Apps, Developers, Music, Oh My!
The iPhone App Store has more than a million applications and competition for eyeballs and money is such that apps for iPhone and iPad are dramatically less expensive than comparable apps for the Mac. In many cases we Mac users pay more for the same functionality.
Craig Hockenberry thinks even Mac App Store developers are treated like second-class citizens because Apple does not provide the same app development tools for the Mac as it does for iPhone and iPad apps. Apple has opened up iOS and OS X betas to the general public, but if a Mac user wants to write a negative review while using a beta version of OS X El Capitan, they can. That’s not fair, obviously, so why is it prevented on iOS beta versions and not the Mac?
Apple charges Mac app developers the same 30-percent cut it takes for iOS apps, but delivers fewer features for those same developers. The company’s new Apple Music service is heavily featured on iPhone and iPad. The Mac and iTunes? Not so much.

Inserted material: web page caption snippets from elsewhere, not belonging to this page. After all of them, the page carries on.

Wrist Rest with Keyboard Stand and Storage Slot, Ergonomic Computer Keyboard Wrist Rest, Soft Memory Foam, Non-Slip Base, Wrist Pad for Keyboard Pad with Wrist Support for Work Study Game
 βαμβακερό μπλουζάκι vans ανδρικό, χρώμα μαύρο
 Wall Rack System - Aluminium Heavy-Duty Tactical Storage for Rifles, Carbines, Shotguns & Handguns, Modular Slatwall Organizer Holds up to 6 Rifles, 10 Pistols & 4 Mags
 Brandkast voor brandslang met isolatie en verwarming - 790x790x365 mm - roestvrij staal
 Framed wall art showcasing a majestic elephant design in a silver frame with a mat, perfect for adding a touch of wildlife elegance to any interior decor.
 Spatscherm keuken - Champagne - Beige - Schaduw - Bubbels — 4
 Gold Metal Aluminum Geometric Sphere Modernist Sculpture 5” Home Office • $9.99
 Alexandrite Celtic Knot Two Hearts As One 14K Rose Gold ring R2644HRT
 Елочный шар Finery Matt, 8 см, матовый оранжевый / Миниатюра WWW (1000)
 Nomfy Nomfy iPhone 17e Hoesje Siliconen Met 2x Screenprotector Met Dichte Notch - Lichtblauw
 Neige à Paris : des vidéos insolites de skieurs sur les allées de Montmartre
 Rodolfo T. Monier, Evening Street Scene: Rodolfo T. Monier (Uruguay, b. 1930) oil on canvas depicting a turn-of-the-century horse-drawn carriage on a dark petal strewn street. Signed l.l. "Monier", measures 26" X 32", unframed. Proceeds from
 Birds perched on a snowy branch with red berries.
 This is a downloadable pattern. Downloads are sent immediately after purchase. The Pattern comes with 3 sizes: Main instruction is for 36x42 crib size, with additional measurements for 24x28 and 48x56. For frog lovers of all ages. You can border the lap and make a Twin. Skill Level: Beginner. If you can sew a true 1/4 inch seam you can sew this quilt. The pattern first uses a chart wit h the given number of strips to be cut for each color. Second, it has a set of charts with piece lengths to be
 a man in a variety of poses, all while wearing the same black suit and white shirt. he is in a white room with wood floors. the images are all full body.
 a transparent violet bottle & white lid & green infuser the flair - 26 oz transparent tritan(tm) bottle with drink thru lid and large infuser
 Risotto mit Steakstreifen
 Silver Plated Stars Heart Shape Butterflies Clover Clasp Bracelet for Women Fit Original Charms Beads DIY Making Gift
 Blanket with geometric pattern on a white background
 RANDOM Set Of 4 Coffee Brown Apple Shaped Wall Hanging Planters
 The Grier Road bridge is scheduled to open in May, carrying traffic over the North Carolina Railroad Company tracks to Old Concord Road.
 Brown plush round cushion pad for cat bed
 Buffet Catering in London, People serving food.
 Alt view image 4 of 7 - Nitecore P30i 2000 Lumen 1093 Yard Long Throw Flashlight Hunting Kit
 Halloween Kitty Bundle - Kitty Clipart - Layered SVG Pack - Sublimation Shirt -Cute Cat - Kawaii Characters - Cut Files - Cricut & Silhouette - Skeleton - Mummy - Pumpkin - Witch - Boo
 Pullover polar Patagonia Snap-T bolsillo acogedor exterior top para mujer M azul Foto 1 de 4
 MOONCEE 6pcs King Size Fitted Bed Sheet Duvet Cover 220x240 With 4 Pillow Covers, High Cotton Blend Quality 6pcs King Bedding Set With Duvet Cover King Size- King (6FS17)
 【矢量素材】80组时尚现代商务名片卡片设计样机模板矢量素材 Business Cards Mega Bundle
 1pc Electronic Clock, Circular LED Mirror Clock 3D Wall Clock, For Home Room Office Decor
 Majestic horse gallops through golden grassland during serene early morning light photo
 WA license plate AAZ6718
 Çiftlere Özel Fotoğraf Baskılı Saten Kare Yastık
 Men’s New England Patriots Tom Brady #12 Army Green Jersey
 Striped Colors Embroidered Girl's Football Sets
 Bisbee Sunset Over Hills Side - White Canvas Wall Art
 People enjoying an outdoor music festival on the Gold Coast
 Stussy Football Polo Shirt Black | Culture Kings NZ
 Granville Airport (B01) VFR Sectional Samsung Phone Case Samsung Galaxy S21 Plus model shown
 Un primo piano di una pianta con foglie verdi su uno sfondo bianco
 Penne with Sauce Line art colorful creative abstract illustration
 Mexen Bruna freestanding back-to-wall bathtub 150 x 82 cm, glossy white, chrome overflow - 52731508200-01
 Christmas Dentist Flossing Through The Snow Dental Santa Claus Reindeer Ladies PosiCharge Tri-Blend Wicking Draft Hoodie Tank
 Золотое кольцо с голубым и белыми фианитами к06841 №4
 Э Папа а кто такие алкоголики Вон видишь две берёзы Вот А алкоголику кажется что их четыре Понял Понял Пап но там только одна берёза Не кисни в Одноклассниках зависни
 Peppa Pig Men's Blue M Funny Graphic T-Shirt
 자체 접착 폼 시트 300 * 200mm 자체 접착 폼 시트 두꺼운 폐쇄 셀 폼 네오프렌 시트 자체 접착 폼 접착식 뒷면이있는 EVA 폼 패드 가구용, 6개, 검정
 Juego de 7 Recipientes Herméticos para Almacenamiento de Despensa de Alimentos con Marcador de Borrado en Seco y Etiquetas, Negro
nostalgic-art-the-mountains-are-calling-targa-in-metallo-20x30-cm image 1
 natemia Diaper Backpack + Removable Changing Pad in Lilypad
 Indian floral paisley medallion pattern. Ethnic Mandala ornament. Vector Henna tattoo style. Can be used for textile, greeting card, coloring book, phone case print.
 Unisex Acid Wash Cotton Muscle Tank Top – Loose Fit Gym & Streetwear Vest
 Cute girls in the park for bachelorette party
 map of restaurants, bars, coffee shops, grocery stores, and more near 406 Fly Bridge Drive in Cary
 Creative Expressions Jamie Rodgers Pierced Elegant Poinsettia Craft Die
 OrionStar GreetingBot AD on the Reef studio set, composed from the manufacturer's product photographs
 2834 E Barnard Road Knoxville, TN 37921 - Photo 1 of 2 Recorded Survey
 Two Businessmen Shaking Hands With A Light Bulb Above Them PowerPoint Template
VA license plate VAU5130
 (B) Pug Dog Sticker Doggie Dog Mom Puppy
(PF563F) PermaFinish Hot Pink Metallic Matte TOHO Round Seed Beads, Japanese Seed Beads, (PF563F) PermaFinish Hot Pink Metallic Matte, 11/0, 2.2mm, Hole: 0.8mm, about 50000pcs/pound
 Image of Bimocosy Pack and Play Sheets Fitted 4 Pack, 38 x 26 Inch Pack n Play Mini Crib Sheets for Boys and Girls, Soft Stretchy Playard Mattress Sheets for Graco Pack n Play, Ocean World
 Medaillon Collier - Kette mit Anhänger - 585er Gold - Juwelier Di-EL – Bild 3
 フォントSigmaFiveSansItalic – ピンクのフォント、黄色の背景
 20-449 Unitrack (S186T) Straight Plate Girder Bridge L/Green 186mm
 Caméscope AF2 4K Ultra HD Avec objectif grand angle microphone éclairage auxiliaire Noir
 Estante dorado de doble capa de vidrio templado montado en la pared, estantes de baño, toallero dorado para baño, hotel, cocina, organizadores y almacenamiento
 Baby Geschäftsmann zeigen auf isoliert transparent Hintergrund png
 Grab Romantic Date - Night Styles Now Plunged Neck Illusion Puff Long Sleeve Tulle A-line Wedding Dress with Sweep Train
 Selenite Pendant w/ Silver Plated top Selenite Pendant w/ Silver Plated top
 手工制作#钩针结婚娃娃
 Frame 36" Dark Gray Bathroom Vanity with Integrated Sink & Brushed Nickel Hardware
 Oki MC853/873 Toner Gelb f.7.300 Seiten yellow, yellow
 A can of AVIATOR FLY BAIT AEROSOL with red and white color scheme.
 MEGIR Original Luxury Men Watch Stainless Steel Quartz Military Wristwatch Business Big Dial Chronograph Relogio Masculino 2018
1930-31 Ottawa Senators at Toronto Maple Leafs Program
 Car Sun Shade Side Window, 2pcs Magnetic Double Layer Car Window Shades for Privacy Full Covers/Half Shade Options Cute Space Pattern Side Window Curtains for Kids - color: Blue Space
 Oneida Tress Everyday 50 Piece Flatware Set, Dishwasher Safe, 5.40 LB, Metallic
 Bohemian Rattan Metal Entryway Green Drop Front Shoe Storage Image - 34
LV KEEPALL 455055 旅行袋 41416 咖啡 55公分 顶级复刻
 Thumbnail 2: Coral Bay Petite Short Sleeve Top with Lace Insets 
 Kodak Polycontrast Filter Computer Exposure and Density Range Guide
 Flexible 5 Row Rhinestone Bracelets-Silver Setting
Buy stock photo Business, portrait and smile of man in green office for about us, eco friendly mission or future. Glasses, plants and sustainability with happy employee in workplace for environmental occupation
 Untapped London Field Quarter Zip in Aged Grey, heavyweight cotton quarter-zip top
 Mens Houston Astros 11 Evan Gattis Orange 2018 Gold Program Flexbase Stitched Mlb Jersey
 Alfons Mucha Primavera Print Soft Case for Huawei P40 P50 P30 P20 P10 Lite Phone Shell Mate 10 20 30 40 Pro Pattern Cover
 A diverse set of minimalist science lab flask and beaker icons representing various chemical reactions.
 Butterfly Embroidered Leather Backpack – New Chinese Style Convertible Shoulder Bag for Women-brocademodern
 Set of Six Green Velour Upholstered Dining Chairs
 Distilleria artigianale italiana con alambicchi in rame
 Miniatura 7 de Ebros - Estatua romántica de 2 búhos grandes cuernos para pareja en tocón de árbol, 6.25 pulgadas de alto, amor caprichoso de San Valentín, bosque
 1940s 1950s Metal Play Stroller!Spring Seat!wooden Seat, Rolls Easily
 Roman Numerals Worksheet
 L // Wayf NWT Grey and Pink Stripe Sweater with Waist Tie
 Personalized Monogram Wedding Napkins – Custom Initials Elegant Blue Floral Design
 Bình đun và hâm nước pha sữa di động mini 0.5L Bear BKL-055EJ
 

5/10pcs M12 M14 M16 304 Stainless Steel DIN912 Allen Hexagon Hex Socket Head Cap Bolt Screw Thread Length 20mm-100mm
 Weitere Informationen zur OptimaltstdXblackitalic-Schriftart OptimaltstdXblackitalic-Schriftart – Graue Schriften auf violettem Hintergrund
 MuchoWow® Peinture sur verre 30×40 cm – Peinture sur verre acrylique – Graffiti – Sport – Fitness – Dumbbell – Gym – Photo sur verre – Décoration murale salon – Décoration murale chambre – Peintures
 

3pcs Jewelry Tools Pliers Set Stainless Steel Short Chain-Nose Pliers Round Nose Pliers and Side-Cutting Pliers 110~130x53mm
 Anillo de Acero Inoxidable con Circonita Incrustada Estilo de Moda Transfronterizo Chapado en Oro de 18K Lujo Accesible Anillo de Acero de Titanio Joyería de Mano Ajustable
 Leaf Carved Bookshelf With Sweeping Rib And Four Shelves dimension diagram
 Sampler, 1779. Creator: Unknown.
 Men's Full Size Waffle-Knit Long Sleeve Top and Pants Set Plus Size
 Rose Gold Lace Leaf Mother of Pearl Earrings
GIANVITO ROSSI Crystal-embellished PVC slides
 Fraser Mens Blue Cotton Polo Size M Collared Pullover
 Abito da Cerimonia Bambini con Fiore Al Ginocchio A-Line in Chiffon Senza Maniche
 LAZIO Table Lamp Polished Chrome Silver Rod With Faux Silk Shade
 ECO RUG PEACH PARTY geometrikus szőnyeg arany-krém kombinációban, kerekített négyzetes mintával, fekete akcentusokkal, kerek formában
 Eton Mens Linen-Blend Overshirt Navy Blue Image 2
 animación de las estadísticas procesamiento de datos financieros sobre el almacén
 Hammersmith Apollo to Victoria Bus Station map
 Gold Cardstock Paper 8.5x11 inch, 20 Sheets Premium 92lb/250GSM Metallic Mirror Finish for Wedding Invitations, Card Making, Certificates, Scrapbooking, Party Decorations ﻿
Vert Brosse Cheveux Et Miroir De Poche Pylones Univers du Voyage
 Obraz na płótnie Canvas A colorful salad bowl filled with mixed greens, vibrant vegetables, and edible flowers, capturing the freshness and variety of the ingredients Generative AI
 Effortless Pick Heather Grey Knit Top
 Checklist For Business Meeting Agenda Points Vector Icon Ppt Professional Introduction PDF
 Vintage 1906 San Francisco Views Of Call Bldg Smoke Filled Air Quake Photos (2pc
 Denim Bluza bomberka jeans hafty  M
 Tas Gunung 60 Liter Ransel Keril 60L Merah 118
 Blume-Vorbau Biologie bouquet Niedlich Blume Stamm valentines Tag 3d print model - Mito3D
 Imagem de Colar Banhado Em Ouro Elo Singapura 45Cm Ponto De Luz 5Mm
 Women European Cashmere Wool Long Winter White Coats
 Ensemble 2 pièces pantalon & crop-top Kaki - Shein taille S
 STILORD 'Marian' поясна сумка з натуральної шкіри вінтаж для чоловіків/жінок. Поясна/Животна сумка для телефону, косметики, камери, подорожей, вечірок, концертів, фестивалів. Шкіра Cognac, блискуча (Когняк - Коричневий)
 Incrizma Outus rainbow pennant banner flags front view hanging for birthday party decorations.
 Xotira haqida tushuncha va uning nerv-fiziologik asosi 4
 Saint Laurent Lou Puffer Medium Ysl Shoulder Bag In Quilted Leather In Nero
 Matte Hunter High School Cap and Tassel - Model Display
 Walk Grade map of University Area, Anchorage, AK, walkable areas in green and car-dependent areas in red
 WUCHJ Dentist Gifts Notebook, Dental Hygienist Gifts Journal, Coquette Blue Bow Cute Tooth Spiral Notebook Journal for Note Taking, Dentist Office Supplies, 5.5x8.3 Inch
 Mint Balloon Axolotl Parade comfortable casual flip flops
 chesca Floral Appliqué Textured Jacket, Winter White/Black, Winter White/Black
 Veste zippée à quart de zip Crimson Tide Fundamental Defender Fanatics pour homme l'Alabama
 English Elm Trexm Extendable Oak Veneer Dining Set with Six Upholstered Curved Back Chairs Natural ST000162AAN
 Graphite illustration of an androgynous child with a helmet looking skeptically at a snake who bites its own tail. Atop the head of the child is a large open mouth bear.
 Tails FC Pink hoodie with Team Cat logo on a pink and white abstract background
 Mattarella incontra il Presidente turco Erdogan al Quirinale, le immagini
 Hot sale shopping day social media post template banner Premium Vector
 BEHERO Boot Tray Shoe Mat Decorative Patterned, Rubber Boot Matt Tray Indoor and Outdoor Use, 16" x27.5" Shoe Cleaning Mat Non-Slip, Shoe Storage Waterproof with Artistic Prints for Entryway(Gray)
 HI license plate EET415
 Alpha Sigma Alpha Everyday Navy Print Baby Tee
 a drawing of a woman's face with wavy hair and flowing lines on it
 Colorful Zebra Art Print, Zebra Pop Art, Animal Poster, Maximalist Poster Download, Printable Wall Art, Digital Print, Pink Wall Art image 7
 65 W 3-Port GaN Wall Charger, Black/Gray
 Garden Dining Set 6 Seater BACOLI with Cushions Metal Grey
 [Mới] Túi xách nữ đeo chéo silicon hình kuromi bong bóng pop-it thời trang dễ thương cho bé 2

What’s interesting about this disparity and class distinction is the amount of attention iPhone gets vs. other Apple products. Apple has gone through dramatic, gut-wrenching changes since co-founder Steve Jobs returned in 1997. Back then Apple was the Mac. Today, Apple is a hardware company whose revenue and profits are primarily based on iPhone; software and services are an afterthought, and one can argue so is the Mac.
Most Macs sold these days are notebooks, and Apple goes where the money is; expensive, classy, luxurious Mac models with mobility built-in, but traditional Mac models– iMac and Mac Pro– have problems and positioning issues not found in the iPhone line. For example, I have a large desktop iMac with the Retina 5k display. The first display had ghosting issues so it was replaced. The second display now has the same ghosting issues and needs to be replaced. Apple once sold multiple standalone displays for the Mac, but today all that’s available is a lonely and outdated Thunderbolt display that does not compare favorably to competitor offerings despite being twice the price.
MacBook Pro owners with screen issues had to resort to a class action lawsuit to get Apple executives to look up from their iPhones (ostensibly while checking AAPL on the market) long enough to pay attention to a Mac problem the company ignored for a few years. It’s not that the Mac isn’t profitable for Apple. It is. Reports indicate that the Mac, still selling in record numbers, takes home half the PC industry’s profits. It’s just that the Mac isn’t Apple’s future. Mobile devices are the future and that’s where Apple pays attention.
Apple under CEO Tim Cook seems to have become a kinder, gentler Apple than it was under Steve Jobs; the company appears to be more socially aware, and displays a public conscience on social issues. But as Apple and its executive team ages it’s become increasingly clear that there’s a hearing problem that has been identified but not acknowledged.